Recollecting that Sir William and Lady Hamilton seemed gratified by the flavour of a cream cheese, I have taken the liberty of sending 2 or 3 cheeses of Bath manufacture.
I am my dear son, your most affectionate
In 1990 farmer dairy farmer Graham Padfield tracked down the recipe for Bath cheese and revived his grandmother’s cheesemaking business at Park Farm near Kelston, Bath. The recipe stipulates that the cheese, soft and covered with white mould, must be made with full cream milk, that salt be sprinkled on the young cheeses with the aid of a feather.
Bath Soft Cheese is sold in blocks and is delicious, especially if you leave it a couple of weeks to ripen fully.
But they found a quirk in making the cheese into a deeper rounded shape: the original mushroomy flavour of Bath cheese and becomes lighter and more citrus. They call this Kelston Park and it is delicious.
Bath Soft cheese Company also make Bath Blue. Likened to Stilton, it is a classic blue veined cheese, ripened for 8-10 weeks. In the 2014-15 World Cheese Awards, it beat nearly 2,600 cheeses from 33 countries to be crowned overall champion.
In 1994 single Gloucester was awarded Protected Designation of Origin (PDO) status. It can only be made on Gloucestershire farms which have a herd of Old Gloucester cows, one of the rarest cattle breeds in the country. Jonathan Crump at Standish Park Farm near Eastington is one of only six cheese makers producing Single Gloucester. He is the only one that uses ONLY Old Gloucester cows’ milk and both his cows and his cheeses have won awards.
To taste, Single Gloucester is creamy and buttery with a fresh citrus finish and I have heard people say that it is so much better than Double Gloucester and that is why it is so rare. Which is quite funny because, being quick and easy to produce, taking only 8 weeks to mature, traditionally it was used as part payment to farm workers. The good stuff was the Double Gloucester which takes three months to mature and was the cheese that commanded the highest price.

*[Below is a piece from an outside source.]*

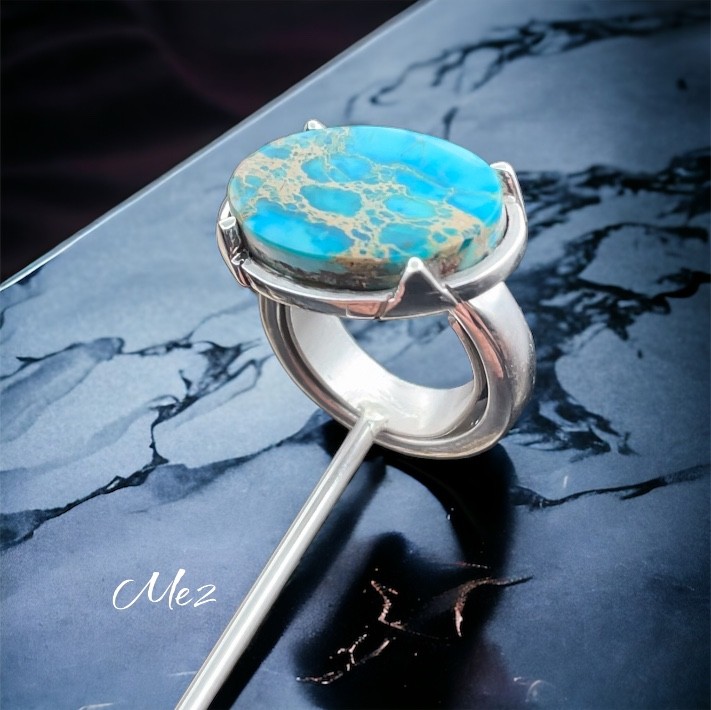 Royal ring with Thai turquoise stone (SH77-18)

Jonathan Crump says this taking twice as long to mature as its cheaper sibling is the reason for Double Gloucester’s name but there are other theories: that the creamy milk had to be skimmed twice; that the cream from the morning milk was added to the evening milk; that the truckle is typically twice the height. Whatever, this was the cheese that was sent to markets and shops for people to display on their dinner tables. The addition of carrot juice gave it the Wow factor colour.
And for extra Wow and probably ‘ouch’ and the sound of ambulance sirens and much jollity, Double Gloucester is the cheese used every year at Cooper’s Hill for the cheese-rolling and wake. The first person to reach the bottom of the 50% gradient 180m slope wins the cheese.
If you have only tasted supermarket Double Gloucester, you are probably thinking ‘meh’. Try some of Jonathan Crump’s. It is unpasturised and made from organic milk from cows grazed on permanent pasture with hay only for winter feed. Once tasted, you’ll probably be tempted to run down Coopers Hill in the hope of winning the truckle. Safer, although not so entertaining for the spectators, is to go and see if they have some for sale in Leaf and Ground.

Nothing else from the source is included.